Repeat the data word for word. Do not include the pictures.

» EXERCISE DATA:
*** Block opens ***

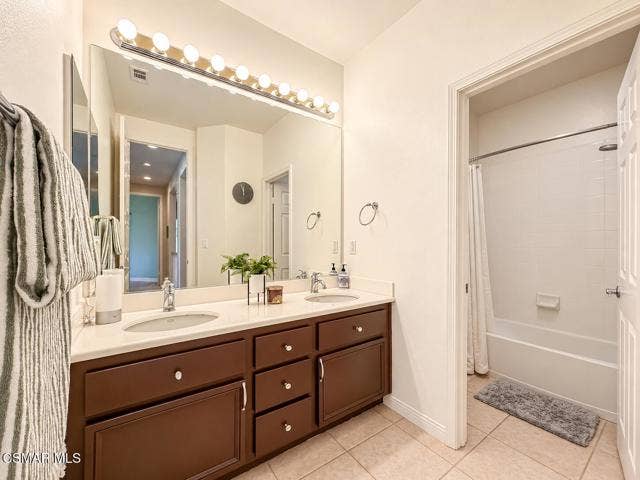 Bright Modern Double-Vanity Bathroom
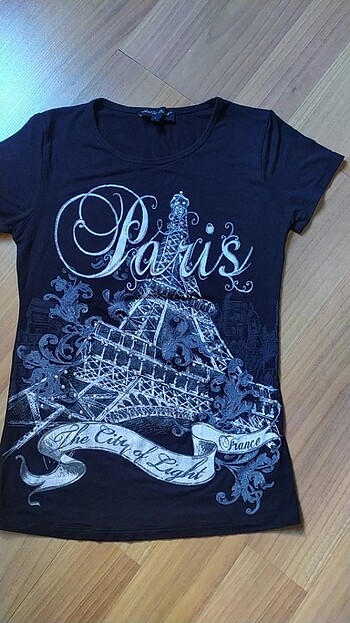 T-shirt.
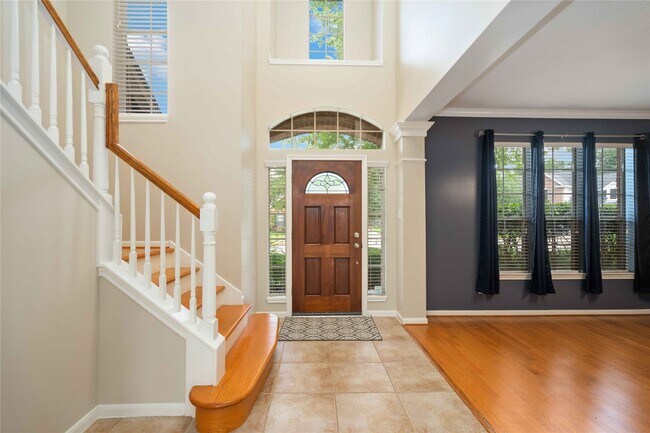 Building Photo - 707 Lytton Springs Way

*** Block closes ***

» OUTPUT OF THE TASK:
 Bright Modern Double-Vanity Bathroom
 T-shirt.
 Building Photo - 707 Lytton Springs Way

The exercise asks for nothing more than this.